ORLANDO, Fla. — CIOs are at the forefront of a “profound shift” in how work gets done as machines are positioned more as teammates, tutors or guides and less as tools and technology, according to Mary Mesaglio, distinguished VP analyst at Gartner.
The move toward integrating generative AI has spurred a change greater than simple marketing language updates that try to capitalize on the hype. Technologists are familiar with general chatbots powering self-service channels and tools, including GitHub’s Copilot, being championed as assistants. But embedding generative AI carries much more value than past solutions, according to Gartner.
“We are moving from what machines can do for us to what machines can be for us,” Mesaglio said in the opening keynote at the Gartner IT Symposium/Xpo in Orlando, Florida with more than 8,000 CIOs and IT executives in attendance.
It’s a shift that extends beyond IT and will require CIOs to become more integrated with other business units as the technology touches more workers.
“What we’re seeing is that AI is not just an IT initiative, it’s an enterprise initiative,” said Mesaglio. “To succeed, you need the whole executive team to play.”
The pressure is mounting for technology leaders, who are tasked with making the promises of generative AI a reality. More than three-quarters of CIOs and technology leaders worldwide are focused on opportunities to enable workers to become faster and more efficient with AI, according to Gartner.
Success hinges on preparation. The potential benefits that draw enterprises into the tech shouldn’t eclipse the need for established principles, data architectures and security posture to guide implementation plans.
“There will be all sorts of unforeseen consequences,” Mesaglio said. “What this means is that you need to think ahead of time about what lines you won’t cross.”
As new risks emerge and are identified, new strategies to mitigate them will crop up as well. The best way to chart a path forward, according to Gartner, is to dig in and establish rules and security safeguards to protect the organization from threat actors. Organizations also need to empower workers to find value in adoption.

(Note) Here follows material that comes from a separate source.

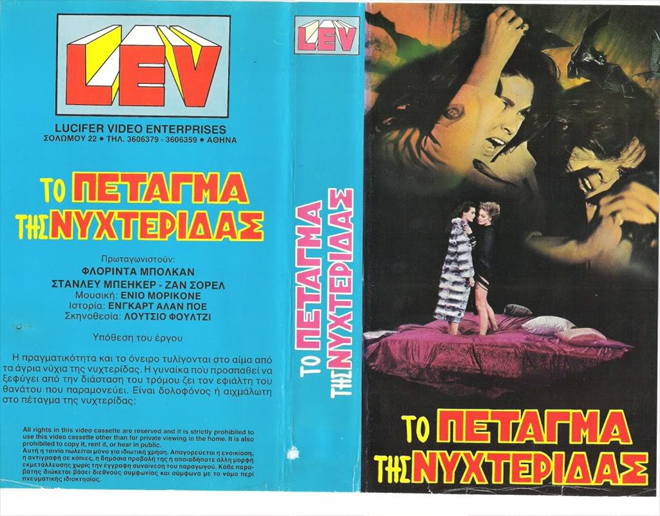 TO NETALMA THE NYXTEPIAAE COVER, ACTION VHS COVER, HORROR VHS COVER, BLAXPLOITATION VHS COVER, HORROR VHS COVER, ACTION EXPLOITATION VHS COVER, SCI-FI VHS COVER, MUSIC VHS COVER, SEX COMEDY VHS COVER, DRAMA VHS COVER, SEXPLOITATION VHS COVER, BIG BOX VHS COVER, CLAMSHELL VHS COVER, VHS COVER, VHS COVERS, DVD COVER, DVD COVERS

Gartner predicts nearly all — 9 in 10 — companies will have adopted generative AI by 2025, though only 9% of organizations have an AI vision statement with established principles in place. More than one-third of companies had no plans to create ground rules.
Despite ample promises, generative AI successes are not guaranteed.
“We predict that over the coming year, people will be disappointed that either experiments fail or lose money,” said Don Scheibenreif, distinguished VP analyst at Gartner, during the keynote.